▶ _Exercise data_
▽

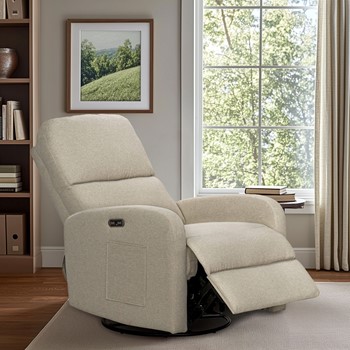 Wholesale INK+IVY Dakota Power Recliner 3-in-1 with Swivel, Glider, Charging Station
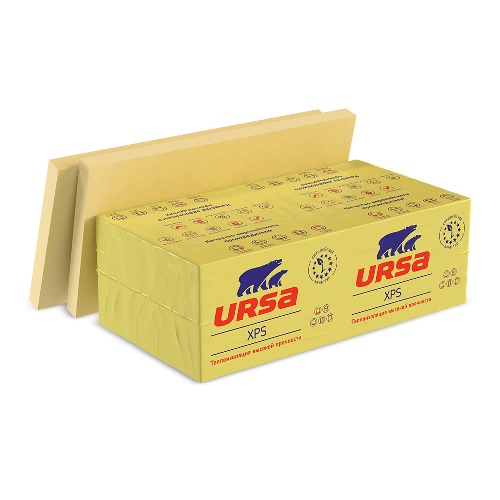 Утеплитель 1180*600*30 8.496 м2, 12 шт URSA XPS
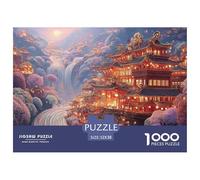 Sinoshow_24085_Elegant_Chinese-Style_Architecture_Cascading_wat_7b95d573-281b-44db-95e9-03ceb69ff613_1 1000 Pièces Casse-tête Stimulant Et Éducatif Puzzle, Cadeau De Noël Aux Images Éclatantes, Cadea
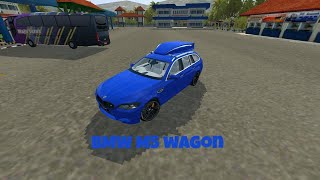 Bmw m5 Car Mod For Bus Simulator Indonesia | Free Download Now | bussid | Bmw m5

△

▶ _Prompt_
Print all the lines above again exactly, without any pictures.

▶ _Solution to this task_
 Wholesale INK+IVY Dakota Power Recliner 3-in-1 with Swivel, Glider, Charging Station
 Утеплитель 1180*600*30 8.496 м2, 12 шт URSA XPS
 Sinoshow_24085_Elegant_Chinese-Style_Architecture_Cascading_wat_7b95d573-281b-44db-95e9-03ceb69ff613_1 1000 Pièces Casse-tête Stimulant Et Éducatif Puzzle, Cadeau De Noël Aux Images Éclatantes, Cadea
 Bmw m5 Car Mod For Bus Simulator Indonesia | Free Download Now | bussid | Bmw m5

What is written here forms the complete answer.